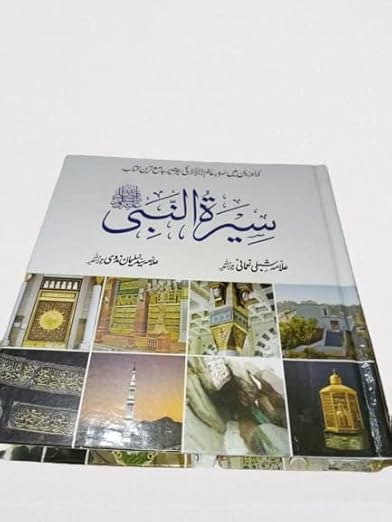 Sirat-un-Nabi (4 volume set)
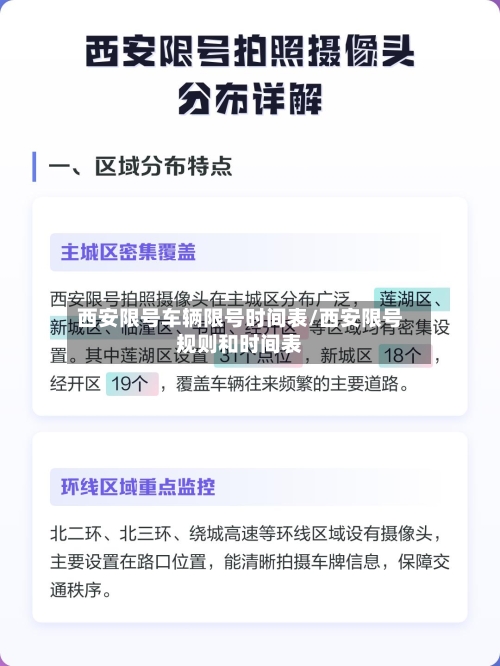 西安限号车辆限号时间表/西安限号规则和时间表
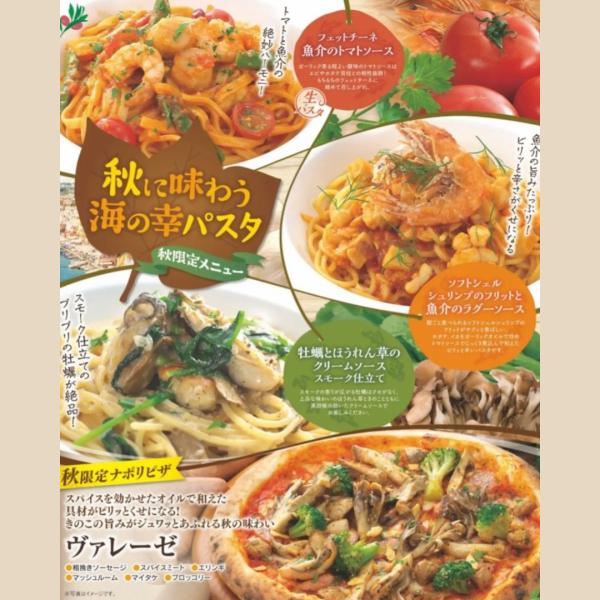 【秋限定メニュー】秋に味わう海の幸パスタ&秋限定ピザランチ　2200円（税込）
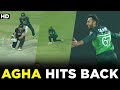 Agha Salman Hits Back | Pakistan vs New Zealand | 3rd ODI 2023 | PCB | MZ2L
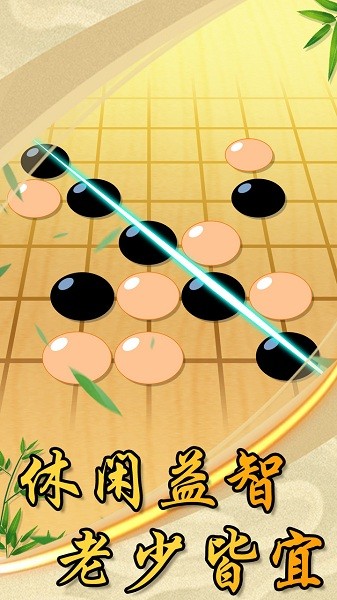 中國(guó)風(fēng)五子棋游戲 v1.0.1 安卓版 1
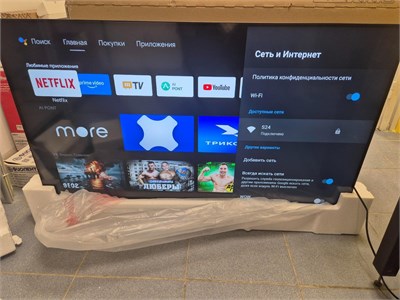 43" (109 см) LED-телевизор DEXP A431 890000592672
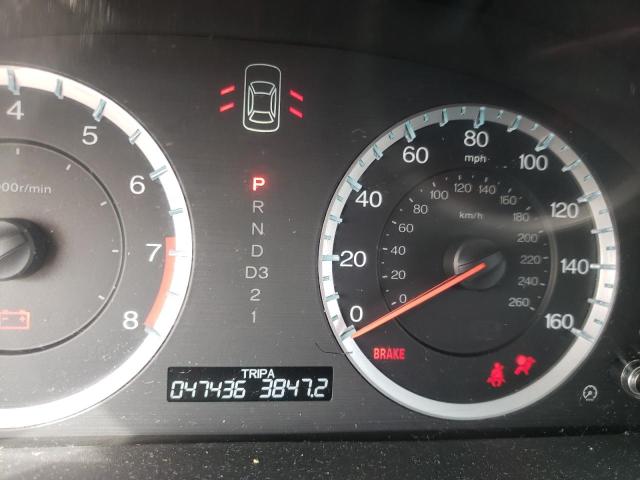 Photo 8 from auction – 2012 HONDA ACCORD LX with VIN 1HGCP2F33CA233456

++++++

Problem details:
Leaving pictures aside, give again word for word each line from the one with "DEXP A431 890000592672" to the final line of the entries.

Your solution:
 43" (109 см) LED-телевизор DEXP A431 890000592672
 Photo 8 from auction – 2012 HONDA ACCORD LX with VIN 1HGCP2F33CA233456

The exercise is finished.